Cytiva CEO Emmanuel Ligner said confidence in supply chains has evolved due to rapid actions by vendors to ramp up supply. “The investment that the industry has done in terms of capacity for supply […] we can really see the feedback from the CEOs and the executives [that security is] getting much better,” he told BioProcess Insider’s Millie Nelson at the BPI Theater at BIO this week. “We still have plenty of things to do, but we are on the right trajectory.”
Many vendors expedited numerous CAPEX plans during COVID. Parent company Danaher Corporation underwent capacity expansions at both Cytiva and Pall, including a $500 million multi-pronged investment in September 2020, with a further $1.5 billion boost in July 2021. Peers, including Thermo Fisher, also responded to the industry’s supply needs and many of these projects have now come online.
Ligner also noted many of these projects focused on localized manufacturing units and sustainability, things he said industry is increasingly calling for, and part of the rationale of the recent merger of Cytiva and Pall.

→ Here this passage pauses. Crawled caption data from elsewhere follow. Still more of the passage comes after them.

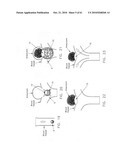 Method and apparatus for restricting flow through an opening in the side wall of a body lumen, and/or for reinforcing a weakness in the side wall of a body lumen, while still maintaining substantially normal flow through the body lumen diagram and image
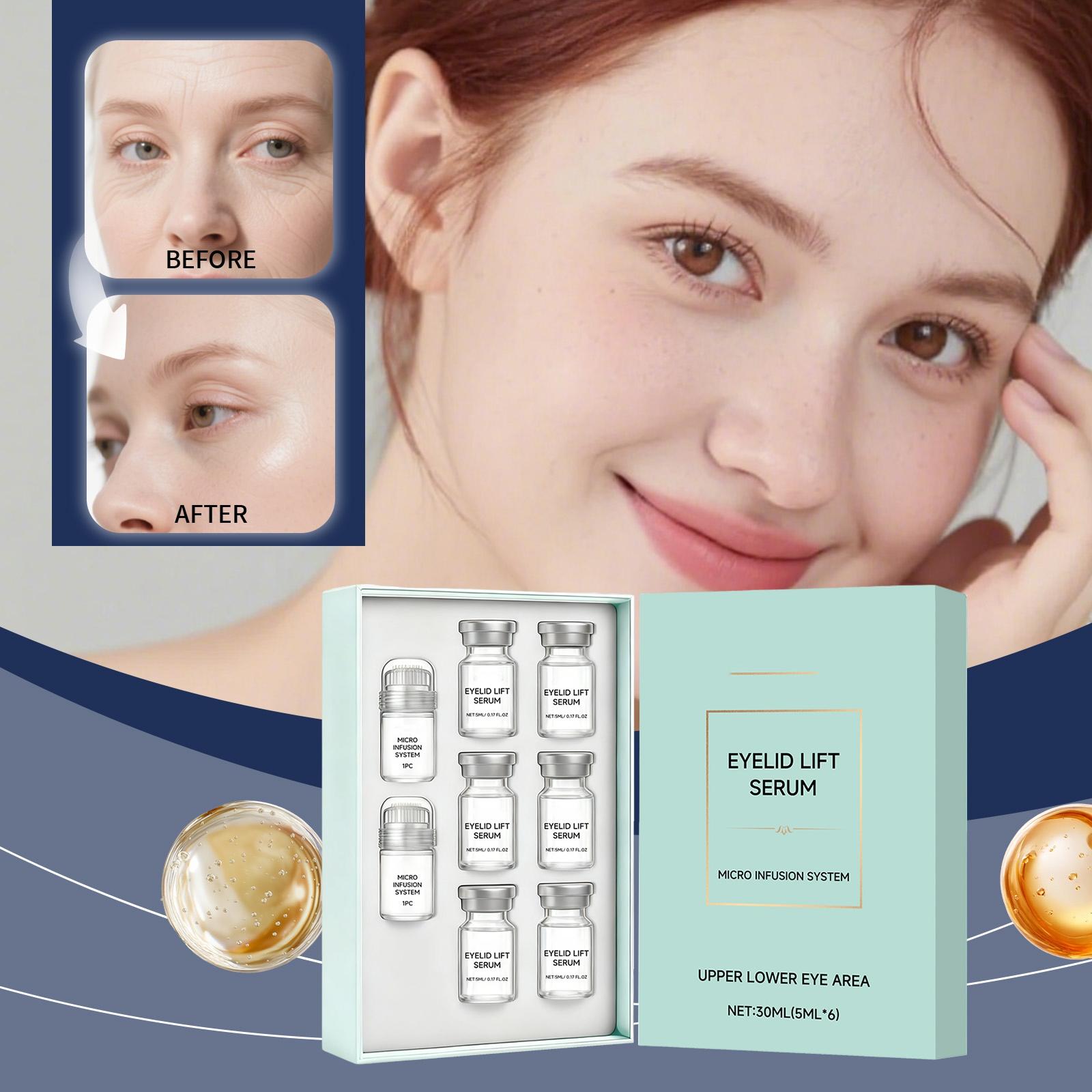 

Eye Care Liquid Microneedle Set Reduces Fine Lines Eye Corner Wrinkles Daily Care And Moisturizing 30ML One Size белый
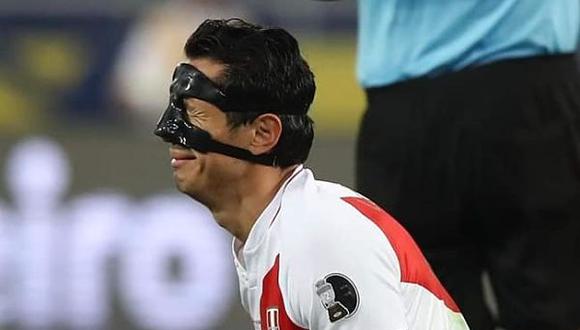 Gianluca Lapadula mostró cómo quedó su nariz tras en partido Perú vs. Colombia. (Foto: EFE)
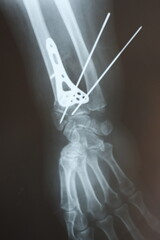 Surgical plates and instruments for osteosynthesis in case of bones  fractures	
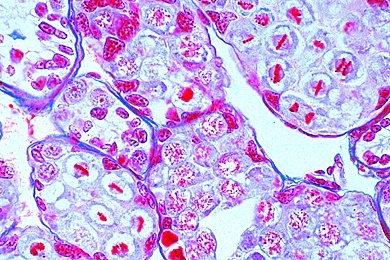 Mikropräparat - Meiose und Spermiogenese, Hoden vom Flußkrebs, Schnitt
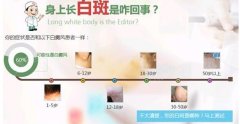 白癜风发展期做308激光能防扩散吗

“It’s about really providing better service for the industry and leveraging the two supply chains. It’s deploying capital in the right area of the world, in-region-for-region,” he said.
Talent shortages
But despite manufacturing and supply chain positivity, the overall index score in 2023 was 6.08 out of ten compared to 6.6 in 2021. This was due to a lack of confidence in the R&D ecosystem and a general dissatisfaction with government policy and regulation.

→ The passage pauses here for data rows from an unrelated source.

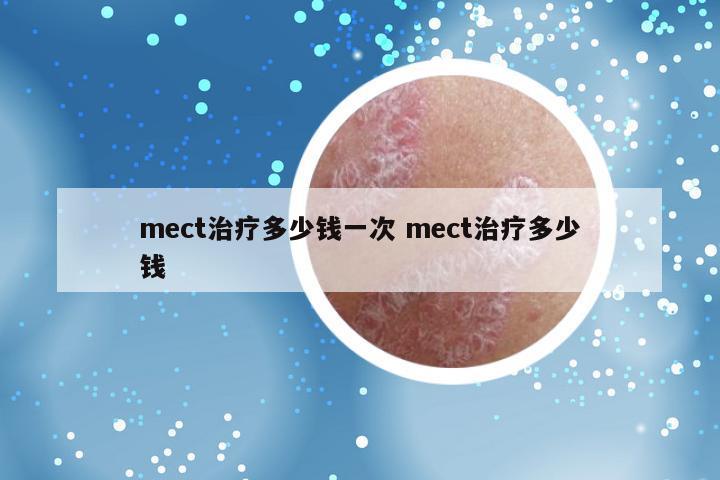mect治疗多少钱一次 mect治疗多少钱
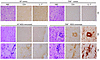 Increased CNS inflammation in TRIF-deficient mice during EAE.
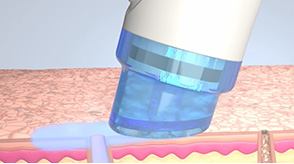 ディープクレンジング+ピーリングのイメージ画像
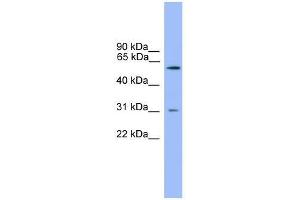 Western Blot showing PCSK2 antibody used at a concentration of 1-2 ug/ml to detect its target protein. (PCSK2 antibody  (Middle Region))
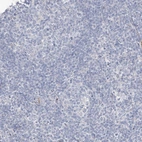 Immunohistochemical staining of human tonsil shows no positivity in non-germinal center cells as expected.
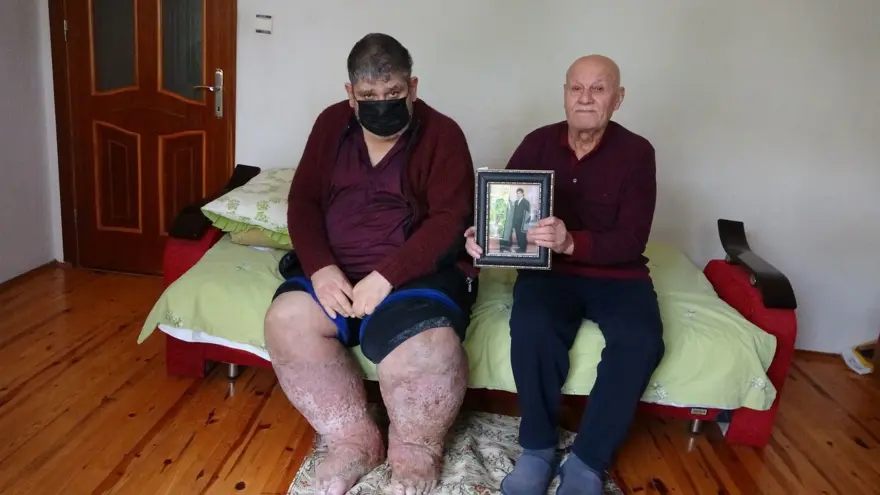 Sivrisinek ısırığı hayatını kararttı 1 Sivrisinek ısırığı hayatını kararttı 1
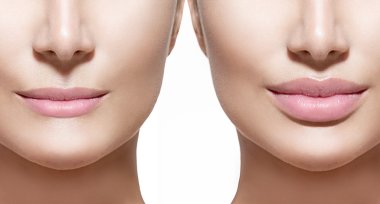 Before and after lip filler injections. clipart
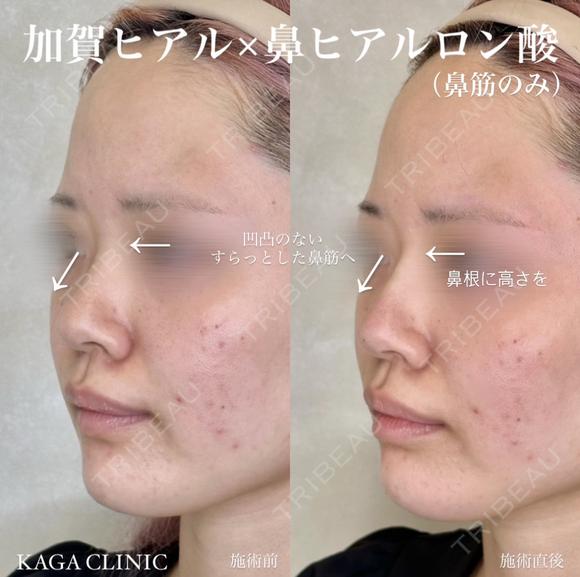 加賀ヒアル×鼻ヒアルロン酸 before画像 メイン用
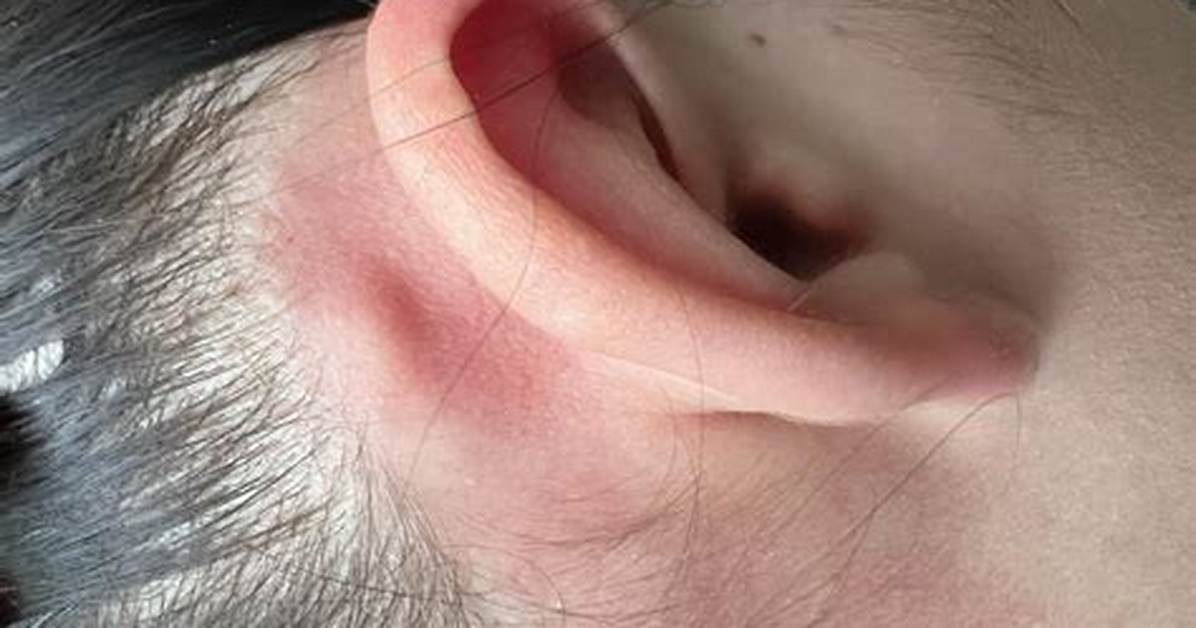 Which Behind the Ear?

However, continuing challenges surround the talent pool were also highlighted, with the need for increasingly complex and specific skill sets a cause for concern going forward.
There has been a general consensus that the amount of talent coming through is not reflective of the huge investments in capacity being made across the Life Sciences industry, and according to Ligner “it’s getting harder and harder and harder.”
He continued: “It’s a fast-paced industry, and therefore talents need to follow, but also, we have new areas coming in. If we think about the digital aspect, and how much we are investing to make sure that we bring digital tools to the industry – which are going to be really differentiating around speed, around in silico simulation around digital twin of bioprocessing – we need to attract those experts, which are not something that we are used to having in the industry.”